Why is it erroneous to invoke a borrowed closure, and how can I resolve the issue and implement the bind?

I found a similar question on stackoverflow, but rust has changed enough since then so that it no longer works.

Answer 1

Overloading the shift-right operator is not a good idea here because of various limitations it imposes on you. It takes everything by reference, whereas what you want is to take everything by value.

It is not possible to call a closure through an immutable reference; you must have a mutable reference to call it, because it may mutate its environment.

The solution in the time of the question you referred to was to use &fn(&A) -> B, which was an immutable closure; at present we do not have that type; |&A| -> B is parallel to &mut fn(&A) -> B from that time, which simply can’t work because it is being done through an immutable reference. The sensible thing, of course, is to take self by value and have the function as |A| -> B; this is what Option.and_then, which is exactly what you are trying to implement, does.

In short, what you are trying to do is currently impossible, though it might become possible again at some point in the future. Use a regular method instead of trying to overload the operator.

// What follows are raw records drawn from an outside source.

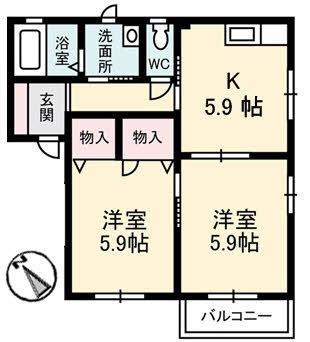パルクマンションⅡ棟(2K/2階)の間取り写真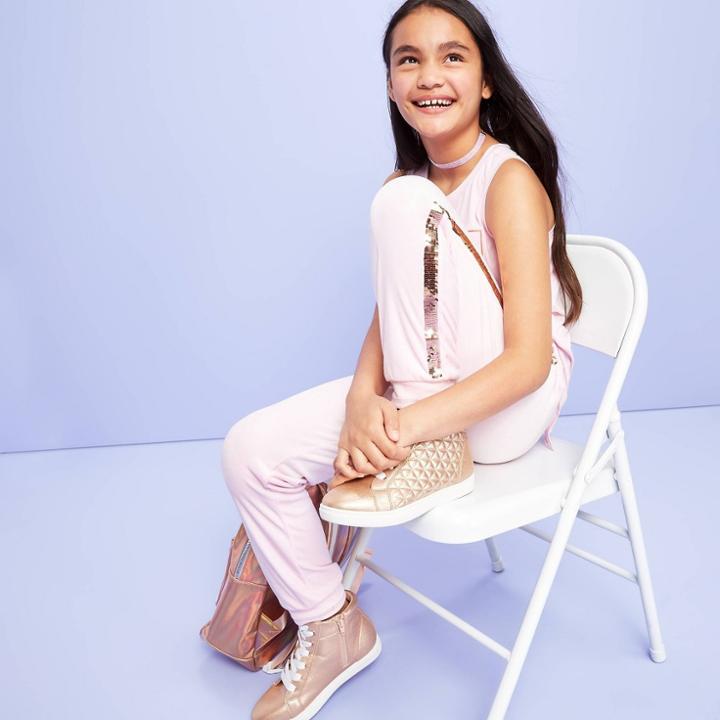 Girls' Velour Joggers With Flip Sequin Stripe - More Than Magic Pink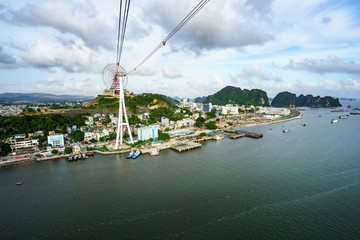 Fototapeta na wymiar Halong city aerial view with Bai Chay bridge in Quang Ninh province, Vietnam
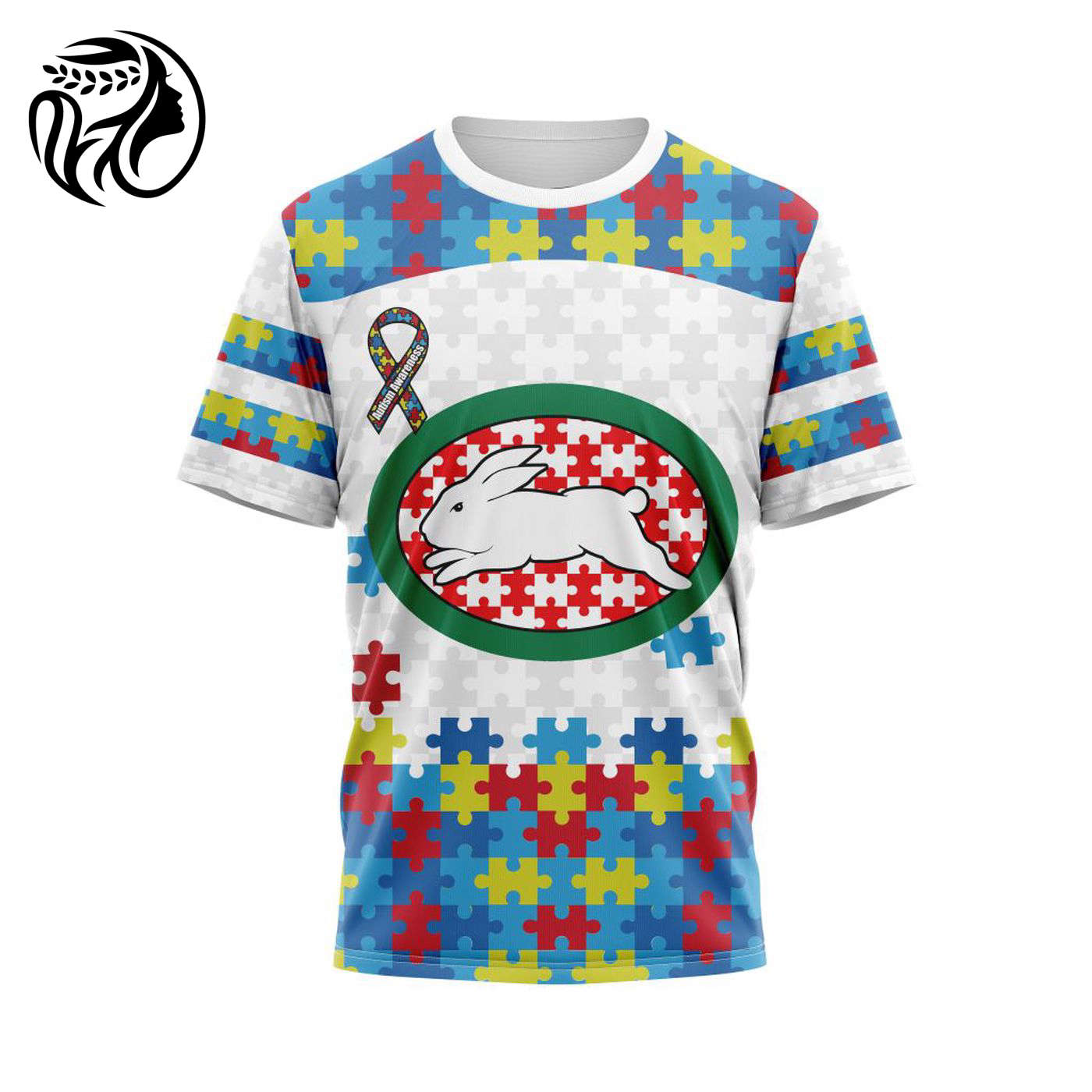 NRL South Sydney Rabbitohs Autism Awareness | Concept Kits 3d Printed Hoodie 3d Printed Hoodie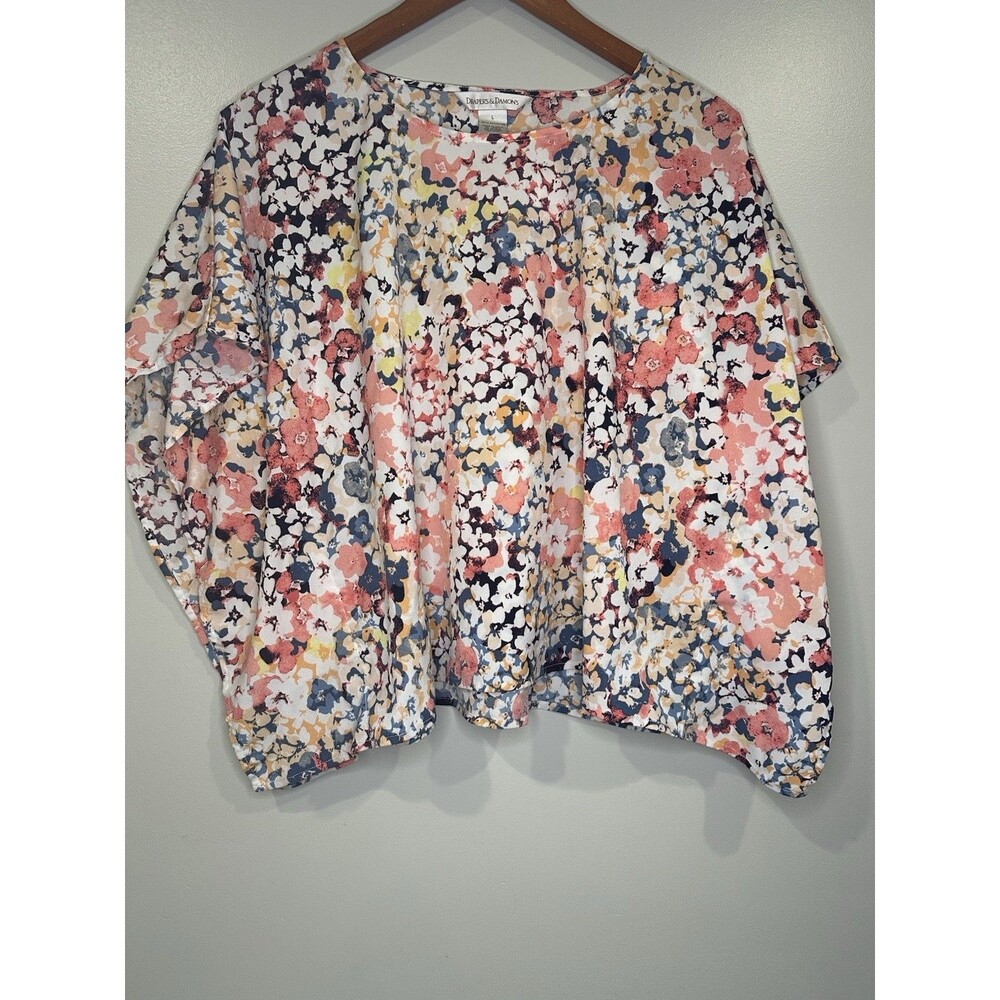 Drapers and Damons Dolman Blouse Women’s Size Large‎ whimiscal floral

Or just use Option, already there:

Some(1i).and_then(|x| Some(1 + x))
        .and_then(|x| Some(x * 2))

Answer 2

This is possible nowadays. Shr takes by value, and there are unboxed closures:

use std::ops::Shr;
use Maybe::{Nothing,Just};

#[derive(Debug)]
enum Maybe<T> {
    Nothing,
    Just(T)
}

impl<T, U, F> Shr<F> for Maybe<T>
    where F: FnOnce(T) -> Maybe<U>
{
    type Output = Maybe<U>;

    fn shr(self, f: F) -> Maybe<U> {
        match self {
            Nothing => Nothing,
            Just(x) => f(x)
        }
    }
}

fn main() {
    let a = Just(1u8);
    let b = a >> |v: u8| Just(v + 1);
    println!("{:?}", b)
}